17.8.06

Cui bono?

Was sind der Waffenstillstand und die UN-Resolution 1701 wirklich wert? Ist Israel sicherer geworden, oder darf sich die Hizbollah – und mit ihr der Iran und Syrien, die Hamas und der Islamische Djihad – tatsächlich als Sieger fühlen? Ministerpräsident Ehud Olmert und seine Regierung haben in der israelischen Bevölkerung jedenfalls deutlich an Vertrauen verloren; weit mehr als die Hälfte hält es für einen Fehler, dass Israel die militärischen Maßnahmen zu seiner Verteidigung eingestellt hat. Währenddessen weigert sich die Hizbollah erwartungsgemäß, ihrer Entwaffnung und Auflösung zuzustimmen. Beistand erhält sie dabei einmal mehr von UN-Generalsekretär Kofi Annan.

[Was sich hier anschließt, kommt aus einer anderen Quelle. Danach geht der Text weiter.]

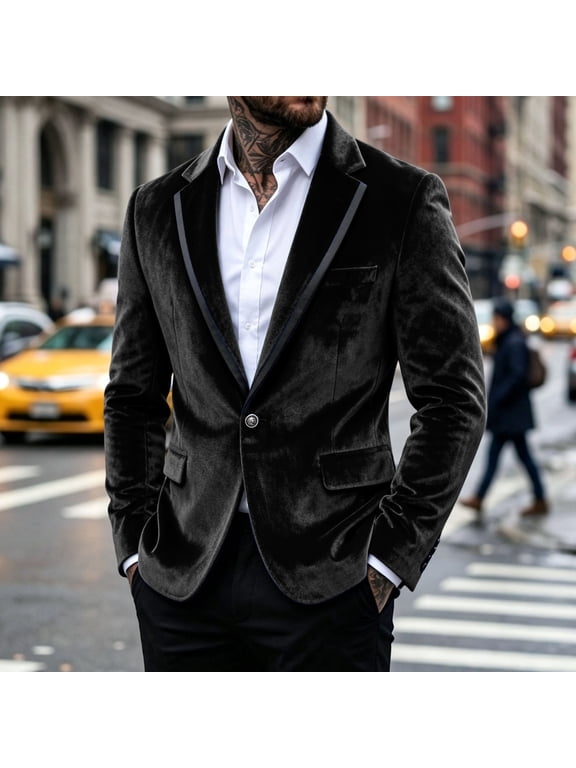 Men's Velvet Suit Jacket Single Breasted Formal Blazer with Pocket Luxury Party Dinner Coat for Events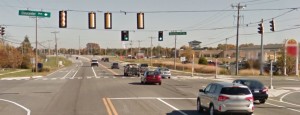 Middletown-Odessa Road (Route 299) at Gloucester Boulevard (Photo: Google maps)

Der sagte, für die Zerschlagung der Hizbollah hätten die Vereinten Nationen „kein Mandat“; die UN-Truppen könnten der libanesischen Armee allenfalls behilflich sein, die Terrororganisation zu entwaffnen. Das freute wiederum den Hizbollah-Vertreter Scheich Nabil Kauk, der die Stationierung von 15.000 libanesischen Soldaten im Süden des Landes ausdrücklich begrüßte – was nicht weiter verwunderlich ist, wenn man um den Einfluss der Hizbollah auf die Armee und die dortigen Sympathien für die Mörderbande weiß. Prompt kamen der libanesische Premierminister Fuad Siniora (oberes Foto, links) und Hizbollah-Führer Hassan Nasrallah (rechts) überein, dass die Hizbollah ihre Waffen behalten darf, sie aber nicht mehr in der Öffentlichkeit zeigen soll. „Wenn die Resolution nicht umgesetzt wird, müssen wir handeln, um eine Wiederbewaffnung der Hizbollah zu verhindern. Es muss Druck auf die Hizbollah für eine Entwaffnung geben, oder es wird eine weitere Runde geben“, stellte ein Sprecher von Premierminister Olmert klar.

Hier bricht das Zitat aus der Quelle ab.